Personal information
- Full name: Israel Suero Fernández
- Date of birth: 12 April 1994 (age 32)
- Place of birth: Madrid, Spain
- Height: 1.72 m (5 ft 8 in)
- Position: Midfielder

Team information
- Current team: Castellón
- Number: 10

Youth career
- 2001–2008: Real Madrid
- 2008–2010: Atlético Madrid
- 2010–2012: Rayo Majadahonda

Senior career*
- Years: Team / Apps / (Gls)
- 2012–2014: Rayo Majadahonda / 35 / (6)
- 2014–2016: Rayo Vallecano B / 45 / (5)
- 2017: CSC 03 Kassel [de] / 12 / (8)
- 2017–2018: Eintracht Stadtallendorf / 35 / (6)
- 2018–2023: SV Elversberg / 126 / (54)
- 2023–: Castellón / 98 / (20)

= Israel Suero =

Spanish footballer (born 1994)

Israel Suero Fernández (born 12 April 1994) is a Spanish footballer who plays as a midfielder for CD Castellón.

==Career==
Born in Madrid, Suero joined Real Madrid's La Fábrica at the age of eight. He left the club at the age of fourteen, and subsequently represented Atlético Madrid and CF Rayo Majadahonda as a youth.

In July 2014, after spending two seasons with the first team of the Majariegos in Tercera División, Suero moved to Rayo Vallecano and was assigned to the reserves also in the fourth division. He featured for the first team in a pre-season match against UD Las Palmas in August 2015, but returned to the B's before leaving in July 2016.

In March 2017, Suero moved abroad and joined German Verbandsliga Hessen-Süd side CSC 03 Kassel; he was already living in the country, but did not have a club. On 2 July, he was announced at TSV Eintracht Stadtallendorf of the Regionalliga Südwest.
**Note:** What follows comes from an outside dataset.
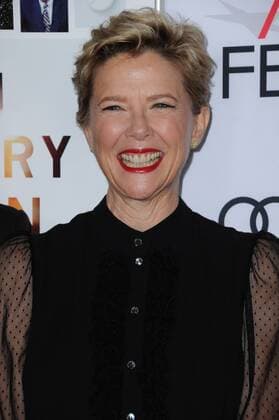 November 16, 2016 - Hollywood, CA, United States - 16 November 2016 - Hollywood, California. Annette Bening. AFI FEST 2016 Presented By Audi - A Tribute To Annette Bening And Gala Screening Of A24 s 20th Century Women held at TCL Chinese Theater. Photo Credit: AdMedia Hollywood United States - ZUMAa123 20161116_zaa_a123_027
On 26 June 2018, Suero signed for SV Elversberg. He renewed his link on 2 July 2021, and helped the club in their promotion to 3. Liga at the end of the season.

Suero made his professional debut on 13 August 2022, coming on as a second-half substitute for Jannik Rochelt in a 5–0 home routing of FSV Zwickau. He scored his first goal on 8 October, netting his side's third in a 3–0 home win over MSV Duisburg.

On 31 January 2023, Suero returned to his home country and signed for Primera Federación side CD Castellón. A backup option under Albert Rudé, he started the 2023–24 season as a starter under Dick Schreuder.

After struggling with injuries, Suero scored six times in 21 appearances overall as the club achieved promotion to Segunda División, and had his contract automatically renewed for a further year on 1 July 2024.